DIRECTIONS
The reply should contain every line of the data, repeated exactly, and no pictures.

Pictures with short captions
*-*-*

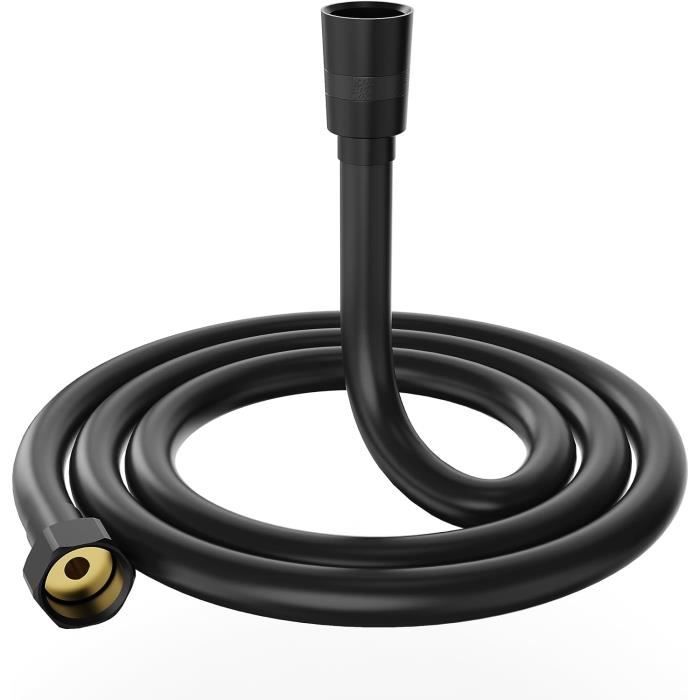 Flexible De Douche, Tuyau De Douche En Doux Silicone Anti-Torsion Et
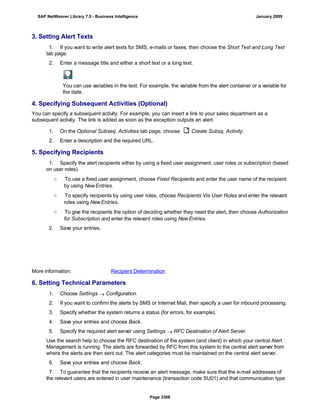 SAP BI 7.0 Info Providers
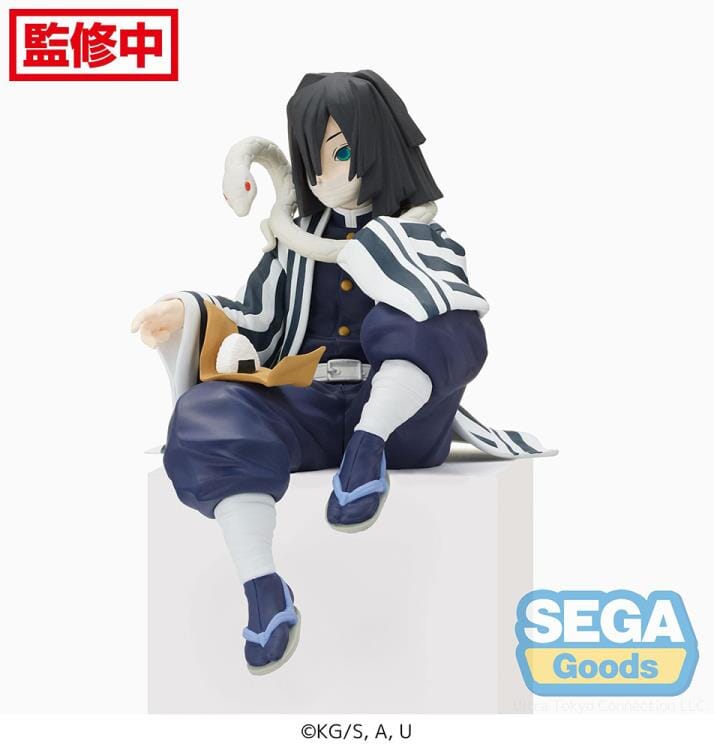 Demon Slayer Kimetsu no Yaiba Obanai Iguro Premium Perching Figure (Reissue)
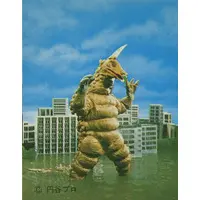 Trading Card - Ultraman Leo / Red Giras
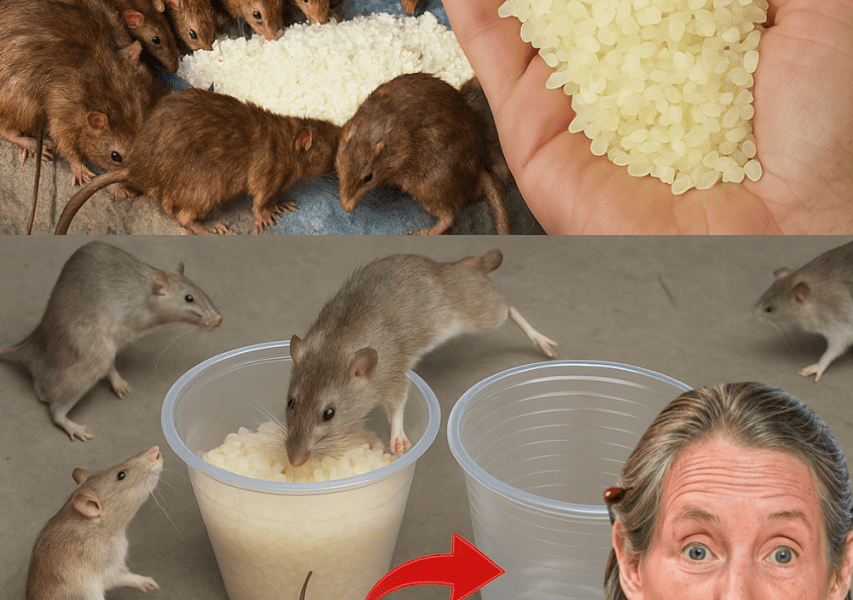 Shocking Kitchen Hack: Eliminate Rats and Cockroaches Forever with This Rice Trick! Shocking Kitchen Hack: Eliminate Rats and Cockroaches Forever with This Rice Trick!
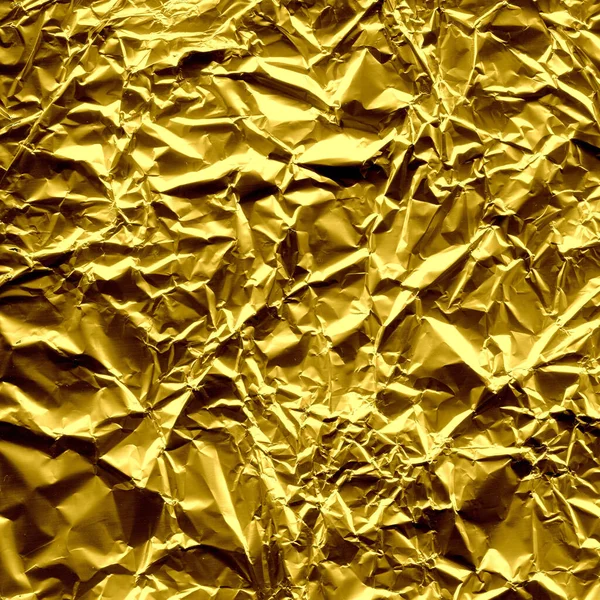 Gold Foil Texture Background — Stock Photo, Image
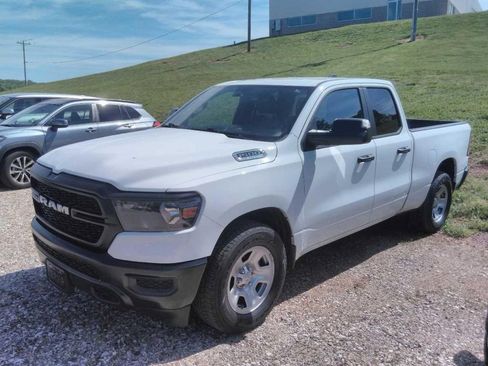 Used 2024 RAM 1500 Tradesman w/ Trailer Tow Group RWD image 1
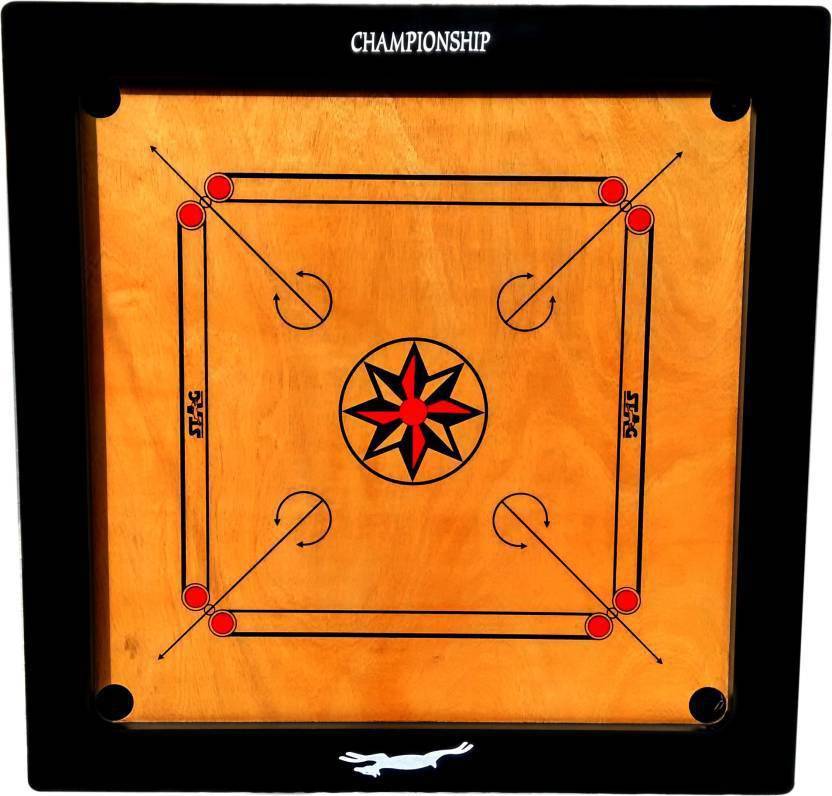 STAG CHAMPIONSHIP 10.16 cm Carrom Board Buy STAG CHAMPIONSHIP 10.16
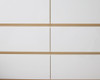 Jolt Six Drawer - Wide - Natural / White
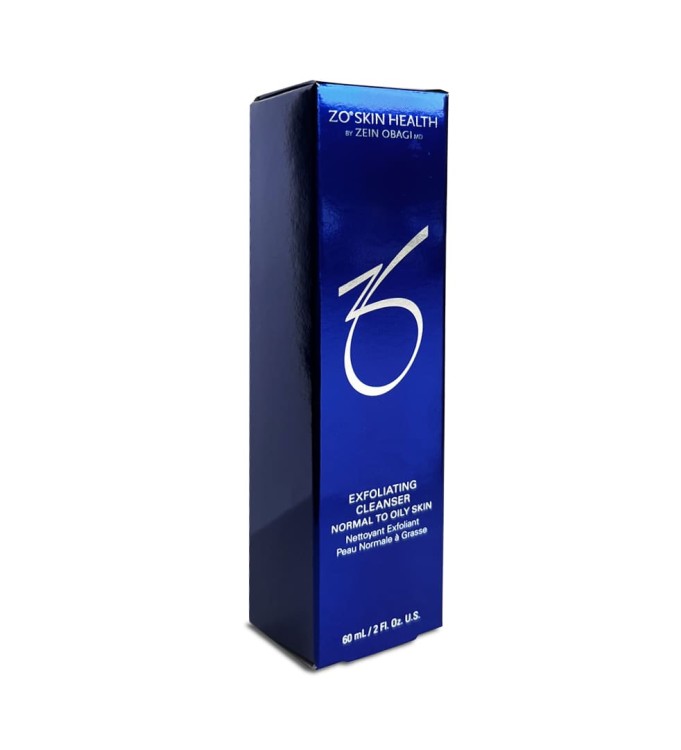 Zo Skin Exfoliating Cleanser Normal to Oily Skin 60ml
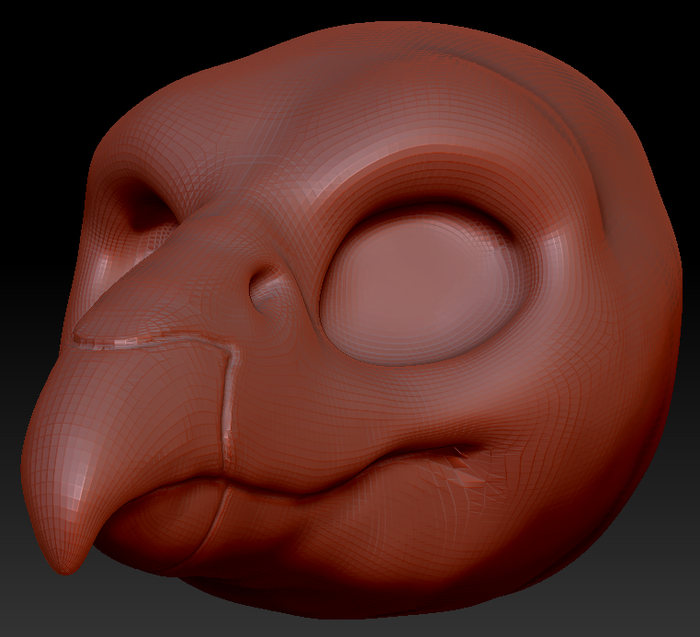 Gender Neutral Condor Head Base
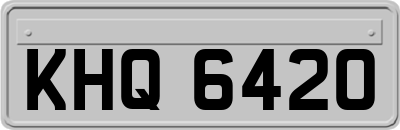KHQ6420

*-*-*

OUTPUT FOR THIS EXERCISE
 Flexible De Douche, Tuyau De Douche En Doux Silicone Anti-Torsion Et
 SAP BI 7.0 Info Providers
 Demon Slayer Kimetsu no Yaiba Obanai Iguro Premium Perching Figure (Reissue)
 Trading Card - Ultraman Leo / Red Giras
 Shocking Kitchen Hack: Eliminate Rats and Cockroaches Forever with This Rice Trick! Shocking Kitchen Hack: Eliminate Rats and Cockroaches Forever with This Rice Trick!
 Gold Foil Texture Background — Stock Photo, Image
 Used 2024 RAM 1500 Tradesman w/ Trailer Tow Group RWD image 1
 STAG CHAMPIONSHIP 10.16 cm Carrom Board Buy STAG CHAMPIONSHIP 10.16
 Jolt Six Drawer - Wide - Natural / White
 Zo Skin Exfoliating Cleanser Normal to Oily Skin 60ml
 Gender Neutral Condor Head Base
KHQ6420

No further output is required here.